The yearly dataset contains 2382 observations and 19 variables with 194 unique countries and 14 years of aggregated data. The variables included in the yearly dataset are: region, country, iso3, year, total_population, annualized_population_most_recent_year_only, total_suspected_measles_rubella_cases, measles_total, measles_lab_confirmed, measles_epi_linked, measles_clinical, measles_incidence_rate_per_1000000_total_population, rubella_total, rubella_lab_confirmed, rubella_epi_linked, rubella_clinical, rubella_incidence_rate_per_1000000_total_population, discarded_cases, discarded_non_measles_rubella_cases_per_100000_total_population .

Across both tables, the dataset provides a mix of categorical variables such as country and numerical variables such as case counts. The total measles cases recorded in the yearly dataset sum to approximately 3,093,274.

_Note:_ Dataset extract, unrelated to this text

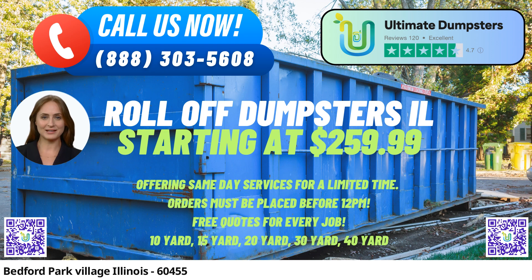Diverse Dumpster Sizes for Every Job: At Ultimate Dumpsters, we understand that each project has unique demands, which is why we offer roll-off dumpsters in various sizes, including 10 yards, 12 yards, 15 yards, 20 yards, 30 yards, and 40 yards. These different container sizes cater to diverse projects, ensuring you have the perfect fit for your specific waste disposal needs.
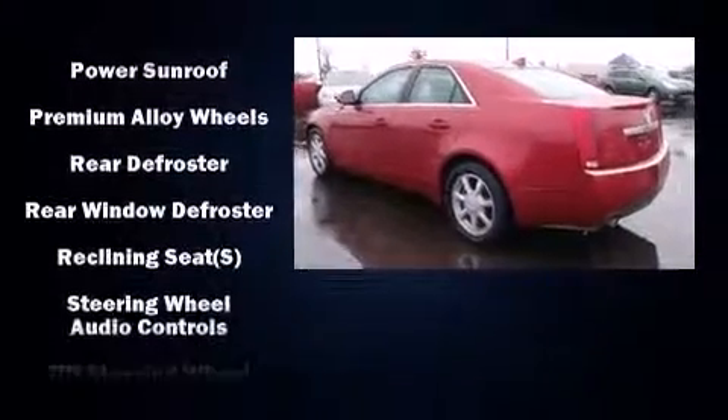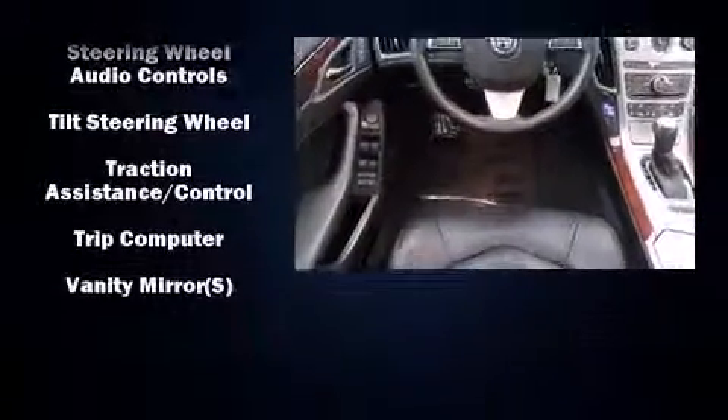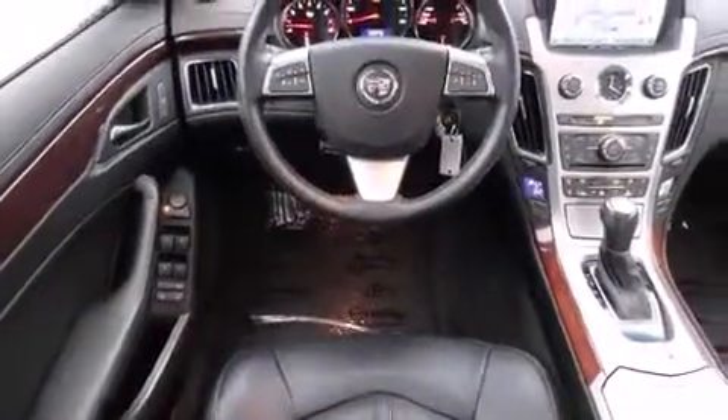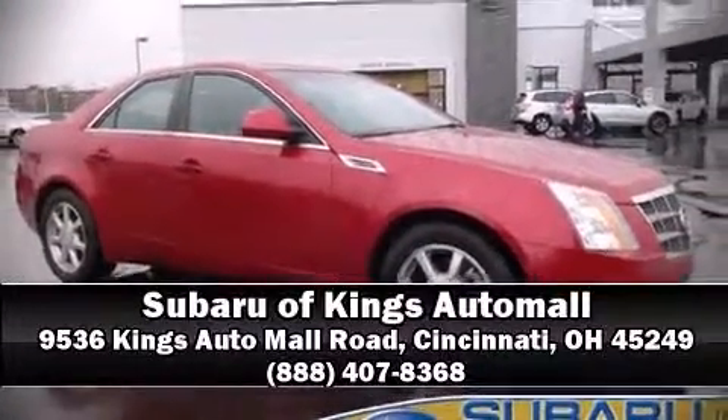It also arrives with a Carfax history report indicating just one previous owner. Our team is professional and we offer a no-pressure environment. Come on in and take a test drive.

We chose this dataset because it includes time, country, and disease numbers all together, which makes it good for making different kinds of charts in ggplot. The data is big enough to show clear patterns, but it is also clean, so we do not need do too much cleaning or preprocessing if we are going to apply machine learning models. It also has both monthly and yearly tables, so we can look at short-term seasonal changes and also long-term trends. Another reason we chose this dataset is that measles and rubella are diseases that exist in many parts of the world and can still be dangerous, especially when vaccination rates drop. Therefore cornell has mendatory requirement to take the vaccine of measles and rubellas.By seeing how case numbers change across regions and over time, we can better understand why public health monitoring is important and why people should stay cautious and informed about global health risks.

Questions

Question 1: How have measles case numbers changed over time in different world regions?

Question 2: Is there a relationship between the total measles cases and the percentage of laboratory-confirmed cases in each country?

Analysis plan

For Question 1, we will combine both the cases_year and cases_month datasets so we can study measles trends in the short term or in the long term. The cases_year dataset can be used for long-term study. We will focus on the variables year, region, and measles_total. After we finish some basic cleaning, we may start by grouping the data by year and region to calculate the total measles cases for each region in each year. Then we plan to create different charts using ggplot2 to show the relationship between years and measles case counts. We are planning to use different colors or facets to separate regions. We aim to build visualizations that can help us determine whether measles cases are increasing, decreasing, or staying stable in different parts of the world.At the same time, we will use the cases_month dataset to explore short-term or seasonal patterns, focusing on month, year, region, and measles_total. By aggregating monthly totals and plotting them as line charts or faceted plots, we can see if certain months tend to have higher outbreaks. Finally, we will use plots from both dataset to come up with a conclusion.

For Question 2, we will mostly use the cases_year dataset because it already summarizes the data at the country level, which makes comparison easier. The main columns we will use are country, measles_total, and measles_lab_confirmed. We will create a new variable called lab_ratio, which is measles_lab_confirmed / measles_total. This ratio helps us compare countries more fairly, since some countries have much larger case numbers than others. Then we plan to make scatter plots or bar charts in ggplot2 to see how total cases and confirmation ratios relate to each other, and we may use color to show different regions. The cases_month dataset might be used only as a quick reference if we want to see whether short-term spikes affect the ratio, but our main analysis will stay on the yearly data.